“It hasn’t been nearly so good a year with me as I hoped it would be,” sighed Lulu.
“Yet an improvement upon the one before it, I think,” remarked her father in a tone of encouragement. “You have not, so far as I know, indulged, even once, in a fit of violent anger—and knowing my little girl as most truthful and very open with me—I certainly believe that if she had been in a passion she would have come to me with an honest confession of her fault.”
“I’m sure Lu would,” said Max; “and I do think she has improved very much.”
“No; I haven’t been in a passion, papa, and I hope if I had, I wouldn’t have been deceitful enough to try to hide it from you.
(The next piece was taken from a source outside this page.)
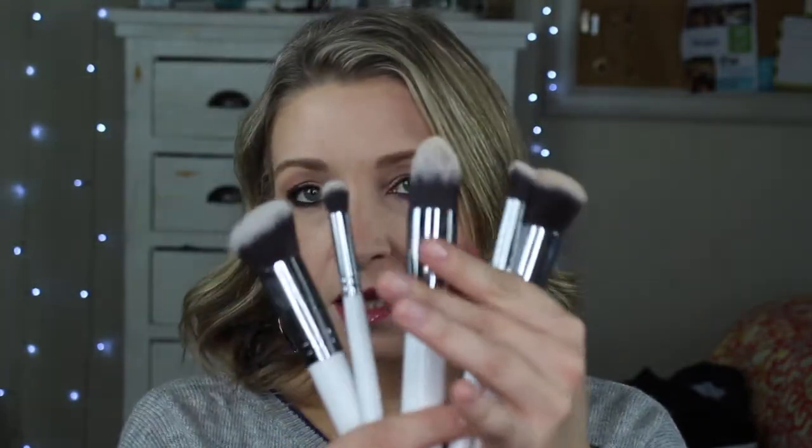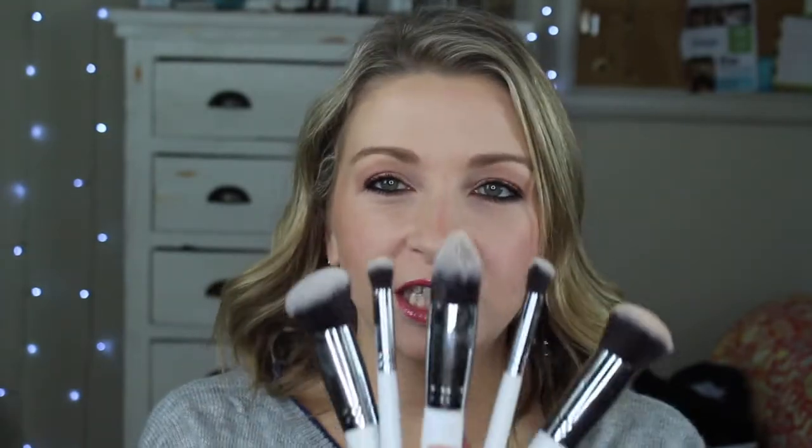We're going to get started first with these Morphe brushes. A Morphe store just opened in my mall right around Christmas, and I had my no-buy January so I wouldn't let myself go in the store. But I finally went in and you guys, this brush set is life-changing and it costs $17. That's right, $17. It's crazy.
But oh I’ve been very, very naughty two or three times in other ways, you know; and you were so good to forgive me and keep on loving me in spite of it all.”
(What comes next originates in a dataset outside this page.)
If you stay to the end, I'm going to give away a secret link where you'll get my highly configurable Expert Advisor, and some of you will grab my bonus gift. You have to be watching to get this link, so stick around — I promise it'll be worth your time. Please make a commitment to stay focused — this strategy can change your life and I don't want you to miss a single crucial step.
“Dear child!” was all he said in reply, accompanying the words with a tender caress.
“I, too, have come a good deal short of my resolves,” observed Max, with a regretful sigh. “Yet I suppose we have both done better than we should if we hadn’t made good resolutions.”
“No doubt of it,” said his father. “I feel it to be so in my case, though I, too, have fallen far short of the standard I set myself. But shall we not try again, my children?”
“Oh yes, sir, yes!”
“And try, not only to make the new year better—if we are spared to see it—but also the three remaining days of the old?”
“Yes,” sighed Lulu, “perhaps I may get into a dreadful passion yet before the year is out.”
“I hope not, daughter,” her father said; “but watch and pray, for only so can you be safe. There is One who is able to keep you from falling. Cling close to Him like the limpet to the rock.”
“Oh I will!” she replied in an earnest tone. “But papa what is a limpet? I don’t remember ever having heard of it before.”
“It is a shell-fish of which there are numerous species exhibiting great variety of form and color. The common limpet is most abundant on the rocky coasts of Britain. They live on the rocks between low and high tide marks.
“They move about when the water covers them, but when the tide is out, remain firmly fixed to one spot; so firmly that unless surprised by a sudden seizure, it is almost impossible to drag or tear them from the rock without breaking the shell.”
“How can they hold so tight?” asked Max.
“The animal has a round or oval muscular foot by which it clings, and its ability to do so is increased by a viscous or sticky secretion.”
“Please tell some more about them, papa,” requested Lulu, looking greatly interested. “Have they mouths? and do you know what they eat?”
“Yes, they have mouths and they live on seaweed, eating it by means of a long ribbon-like tongue covered with rows of hard teeth; the common limpet—which, as I have told you, lives on the British coast—has no fewer than one hundred and sixty rows, twelve teeth in a row. How many does that make, Max?”